Lincoln's Yazidi Cultural Center works to alleviate disconnect amid immigration and refugee policies and the COVID-19 pandemic.
The center, located at 300 N 27th St., is the headquarters for the nonprofit Yazda and is a place for all Yazidi immigrants and refugees from Iraq who want assistance with adjusting to life in Lincoln.
Lincoln hosts the most Yazidi immigrants anywhere in the United States, according to Logan Gilchrist, a fourth-year political science major. The YCC provides relief for those in need of financial assistance, adjusting to the cultural landscape of the United States, learning English, immigration relief and, now, providing information on the coronavirus.
The center and the Yazidi community struggled a lot because of the pandemic, according to Saad Murad, a board member for the Yazidi Cultural Center. Many lost their jobs, contracted COVID-19 or were forced to quarantine.
“When this happened, the Yazidi community needed more help,” Murad said. “YCC was open for them.”
The Yazidi community still deals with having family over in Iraq who are still in danger after mass killings and a genocide in Iraq, Murad said. People await safely meeting their families because of the pandemic, but the Yazidi community has to deal with travel bans and immigration issues on top of that.
Murad said the Islamic State group killed his younger brother and many of his relatives — a tragedy shared by many Yazidis.
“I think we need to work with this new administration to advocate to bring [home] those people who were left behind,” he said.
Gilchrist interns for the center and said the current political climate has largely impacted the center.
“The Trump administration had placed a lot of restrictions on refugees coming over and immigration in general,” Gilchrist said, “when COVID[-19] hit, and now there are additional travel restrictions. It makes it even more difficult.”
With every new political administration, Murad said there will be new challenges, and it will be hard to adjust financially.
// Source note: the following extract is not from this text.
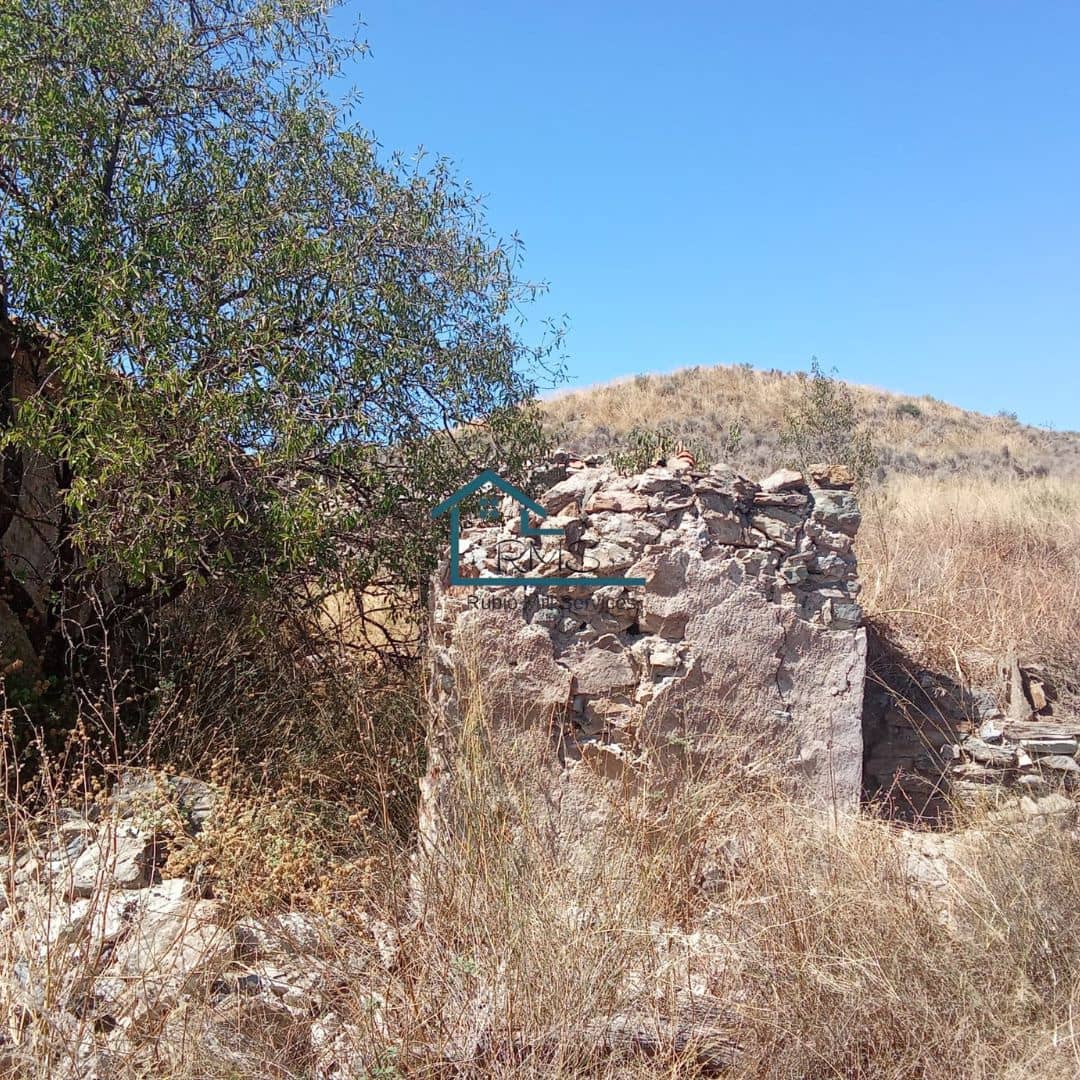 Ruin till salu i Henares - 45 000 € (Ref: 9231256)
The center encourages the Yazidi community to learn about voting and using their right to vote as soon as they can.
They provide information on candidates and how each one will affect the process of immigration and applying for a green card.
The center also works to ensure the Yazidi community feels confident in day-to-day actions living in the United States, Murad said. YCC wants Lincoln to understand and support Yazidis and their culture, and workers provide educational services as well.
“They have different classes for their native language, Yazidi holidays and history, culture and tradition and also teach especially younger members who come over and maybe didn’t learn all of that back in Iraq and keeping that kind of traditions and stuff alive in younger generations even though they grow up here in Lincoln,” Gilchrist said.
But as with the rest of the center, some of those classes were suspended because of COVID-19 or have been complicated as a result of the pandemic.
Gilchrist is working around Give to Lincoln Day for the center and encourages anyone who can to donate to the center and volunteer with them. Give to Lincoln Day is a great time to get to know all of the nonprofits in Lincoln and learn about the holidays and culture the Yazidi community has to offer, according to Gilchrist.
“Next month is going to be Give to Lincoln day, which is where all the nonprofits sort of around Lincoln, they have this city event where you can donate money to a nonprofit who has a cause that you care about, and that money will get matched by the city,” Gilchrist said.
Individuals who want to help the Yazidi Cultural Center can volunteer or spread awareness about Yazidi culture, Gilchrist said. The center is also accepting donations for Give to Lincoln Day.